##### DATA #####

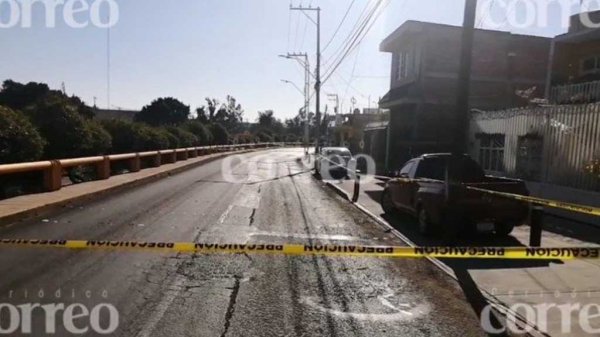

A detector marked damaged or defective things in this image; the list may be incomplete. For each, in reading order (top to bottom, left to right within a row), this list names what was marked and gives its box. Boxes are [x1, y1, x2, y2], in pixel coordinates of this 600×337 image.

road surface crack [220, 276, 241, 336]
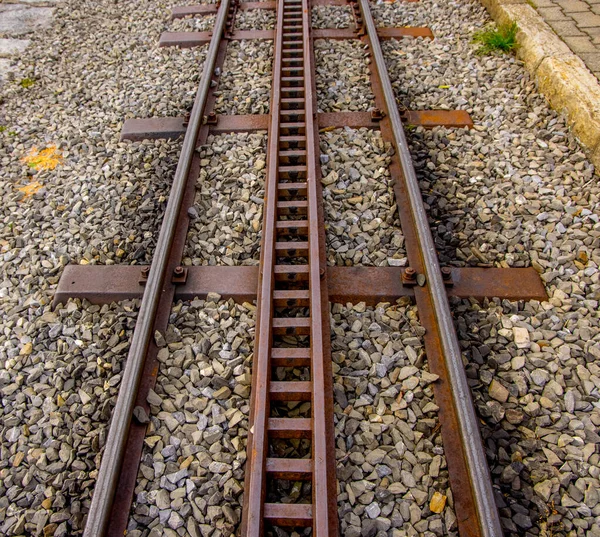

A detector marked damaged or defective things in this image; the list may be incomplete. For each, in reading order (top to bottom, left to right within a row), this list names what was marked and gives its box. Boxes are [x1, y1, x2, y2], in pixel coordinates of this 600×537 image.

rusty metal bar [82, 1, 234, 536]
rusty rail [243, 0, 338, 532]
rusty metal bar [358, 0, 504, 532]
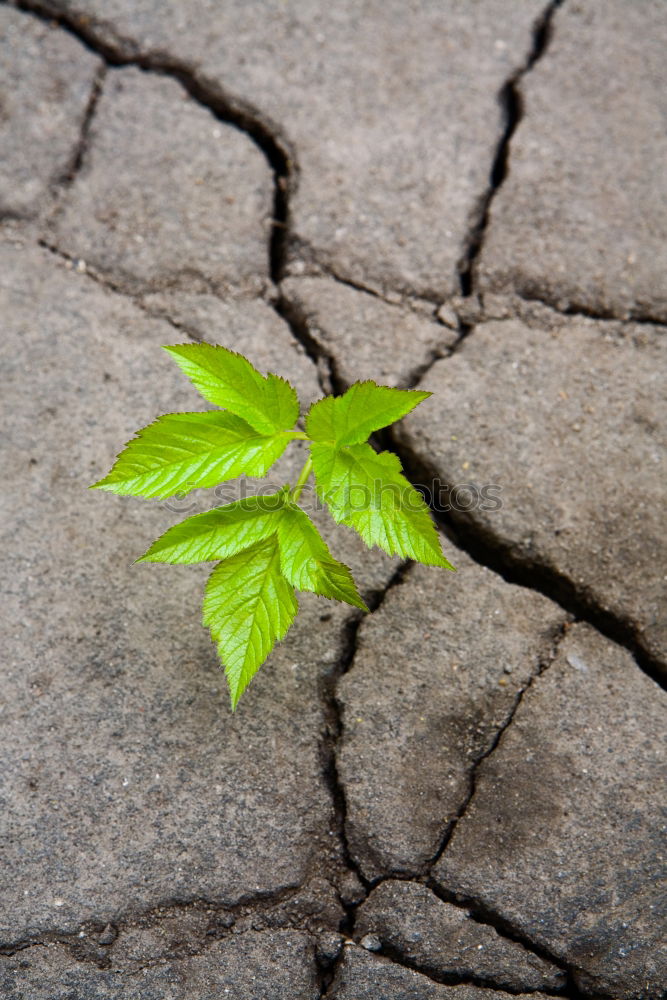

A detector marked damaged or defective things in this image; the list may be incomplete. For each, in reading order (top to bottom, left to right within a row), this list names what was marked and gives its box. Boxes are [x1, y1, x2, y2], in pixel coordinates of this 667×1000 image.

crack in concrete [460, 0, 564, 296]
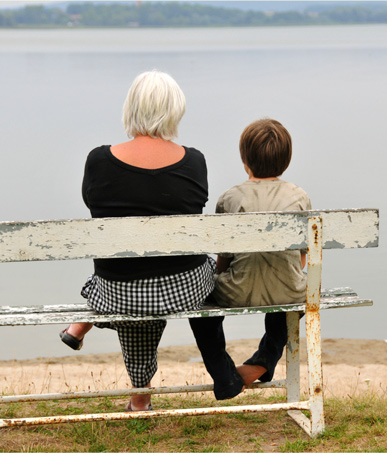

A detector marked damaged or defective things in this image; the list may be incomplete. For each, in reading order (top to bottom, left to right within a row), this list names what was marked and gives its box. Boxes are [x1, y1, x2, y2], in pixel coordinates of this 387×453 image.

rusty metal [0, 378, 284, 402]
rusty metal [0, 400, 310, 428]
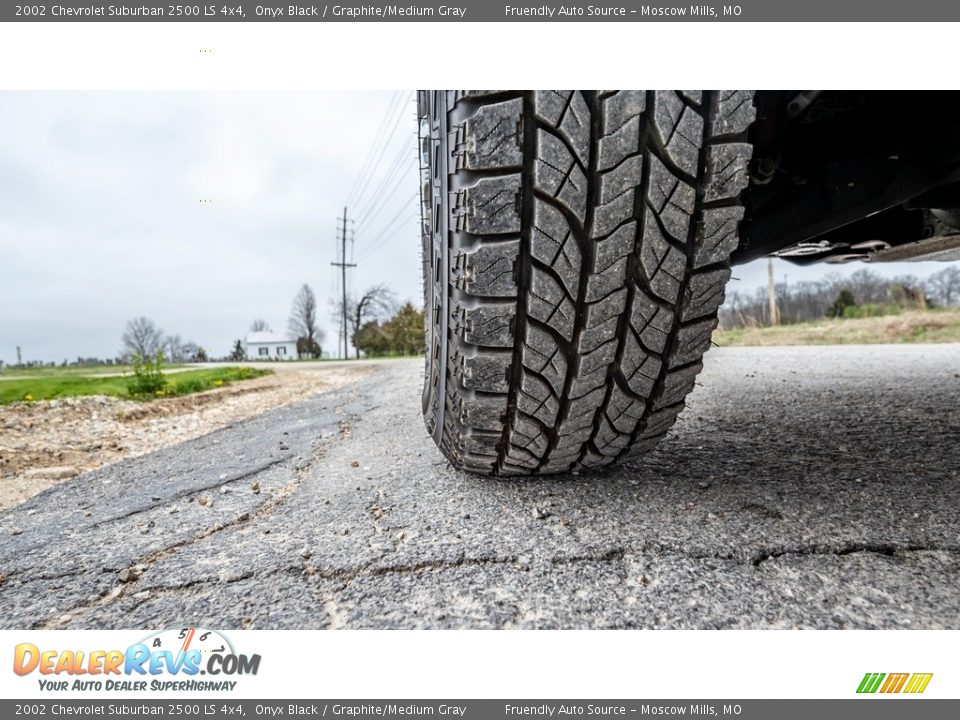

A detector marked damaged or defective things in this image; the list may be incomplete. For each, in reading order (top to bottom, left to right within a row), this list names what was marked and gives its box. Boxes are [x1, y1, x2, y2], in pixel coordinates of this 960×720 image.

#####

TASK GOAL
What is the exact wording of the lines from the one bearing "this 387×453 image." through the final line of the records above? Write it out without the pictures.

RESPONSE TO THE TASK
A detector marked damaged or defective things in this image; the list may be incomplete. For each, in reading order (top to bottom, left to right within a row), this list names what was marked and gives its box. Boxes are [x1, y1, x2, y2], in pixel coordinates of this 387×453 image.

rusty metal [0, 378, 284, 402]
rusty metal [0, 400, 310, 428]

A detector marked damaged or defective things in this image; the list may be incomplete. For each, in reading order (top to bottom, left to right within a row), this list names what was marked and gives its box. Boxes are [x1, y1, x2, y2], in pixel coordinates of this 960×720 image.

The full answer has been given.